--- DATASET EXCERPT ---

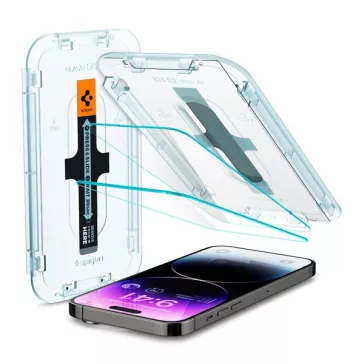   Spigen Glas.tR SLIM EZ Fit Apple iPhone 14 Pro Max tempered kijelzővédő fólia felhelyező kerettel (2db)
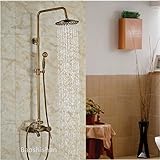Brass Antique Wall Mounted Shower Mixer Faucet Set Bathroom Outdoor Bath Shower Mixer Taps (total go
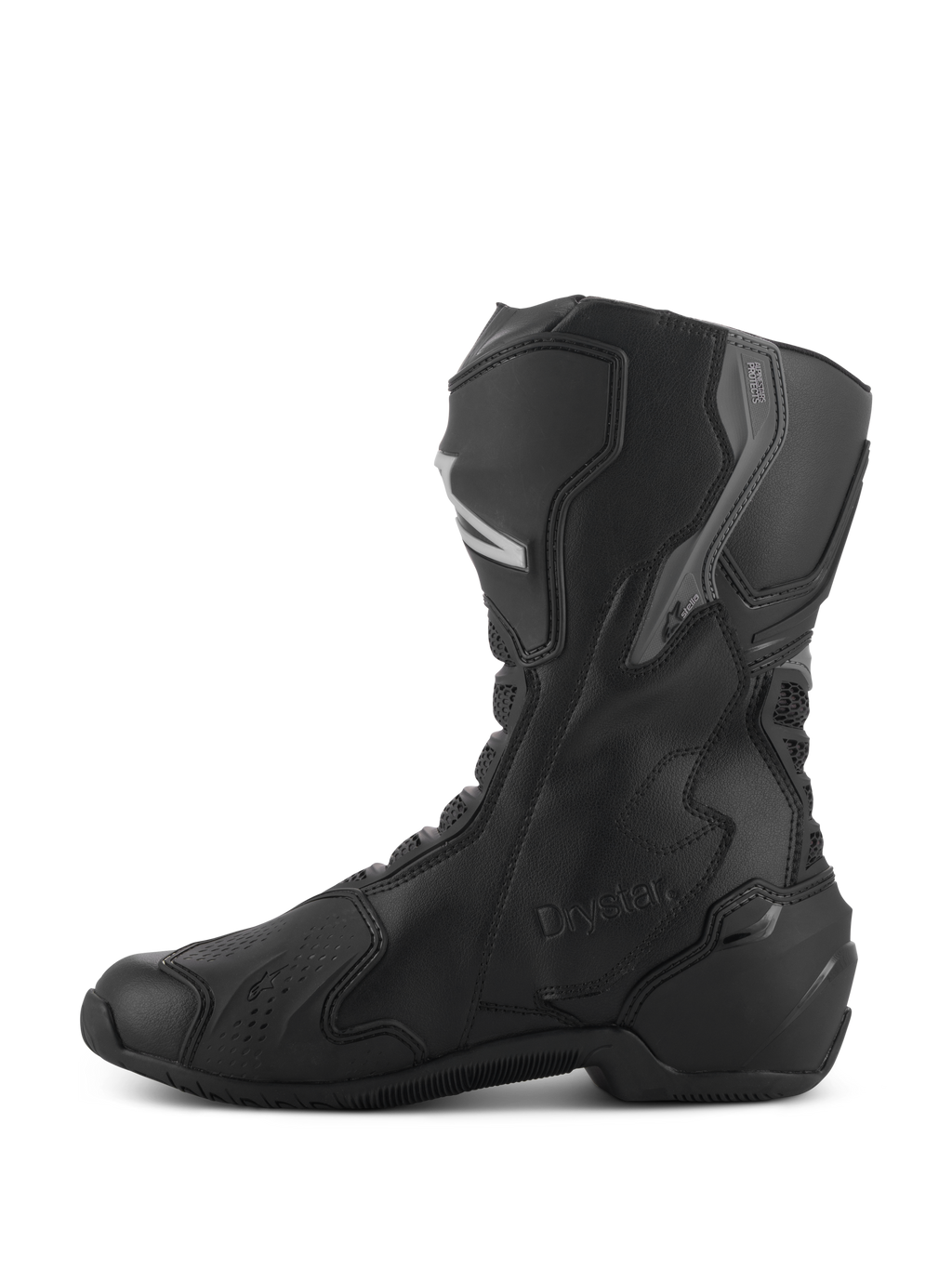 Alpinestars Stella SMX-6 V3 Drystar® Stiefel, Wasserdichte Damen-Motorradstiefel, Schwarz und Silber, Seitenansicht mit TPU-Schienbein- und Knöchelschutz, eingeprägtem Drystar-Logo, langlebige Mikrofaser-Konstruktion für Sport- und Straßenfahrten.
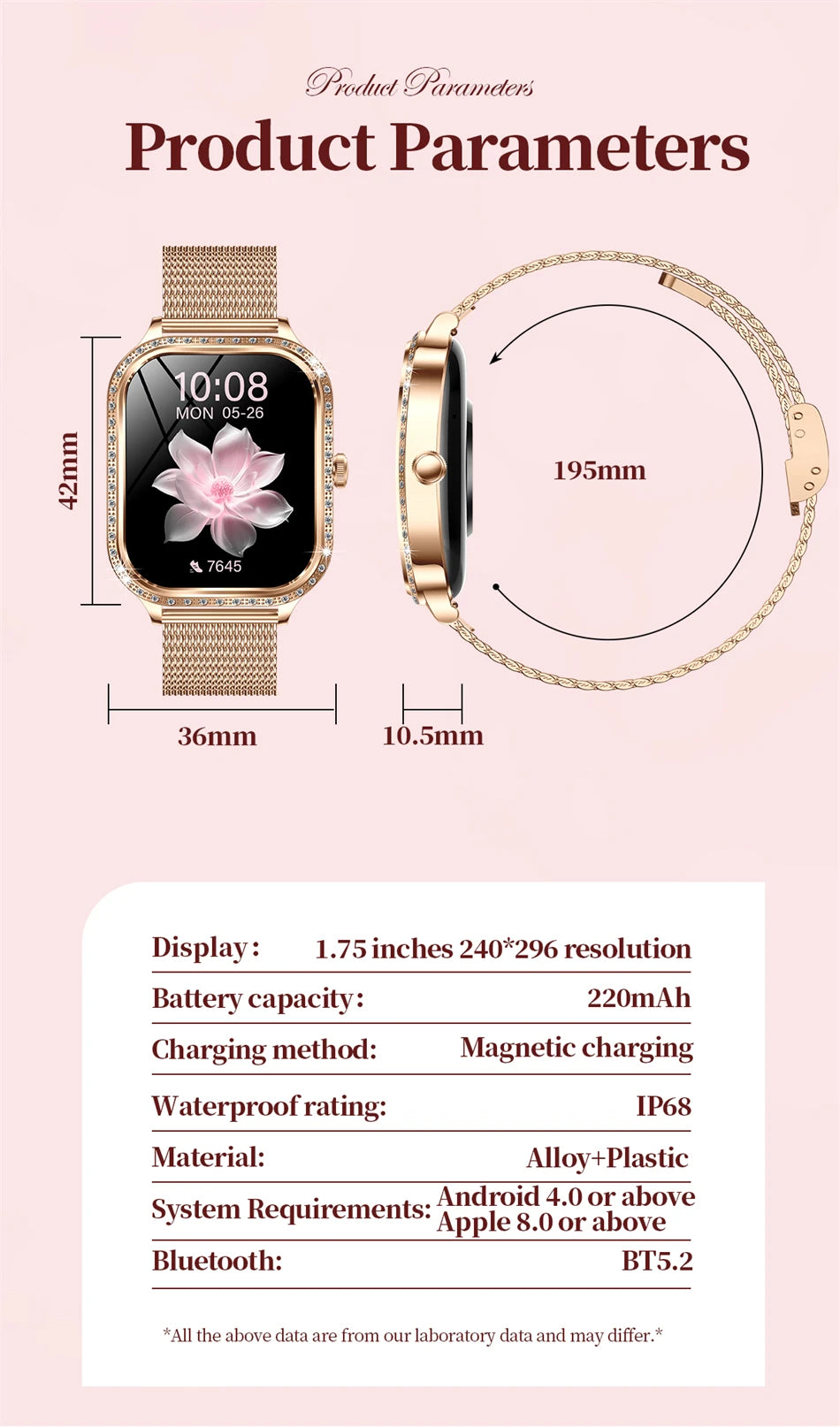 Luxury Smart Watch for Women - 1.75" HD Bluetooth Call Heart Rate Fitness Tracker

---

_EXERCISE AIM:_ What you need to copy is the run of lines from the one holding "Brass Antique Wall" through the end of the data, exactly and only, both ends included, pictures omitted.

_ANSWER TO THIS EXERCISE:_
Brass Antique Wall Mounted Shower Mixer Faucet Set Bathroom Outdoor Bath Shower Mixer Taps (total go
 Alpinestars Stella SMX-6 V3 Drystar® Stiefel, Wasserdichte Damen-Motorradstiefel, Schwarz und Silber, Seitenansicht mit TPU-Schienbein- und Knöchelschutz, eingeprägtem Drystar-Logo, langlebige Mikrofaser-Konstruktion für Sport- und Straßenfahrten.
 Luxury Smart Watch for Women - 1.75" HD Bluetooth Call Heart Rate Fitness Tracker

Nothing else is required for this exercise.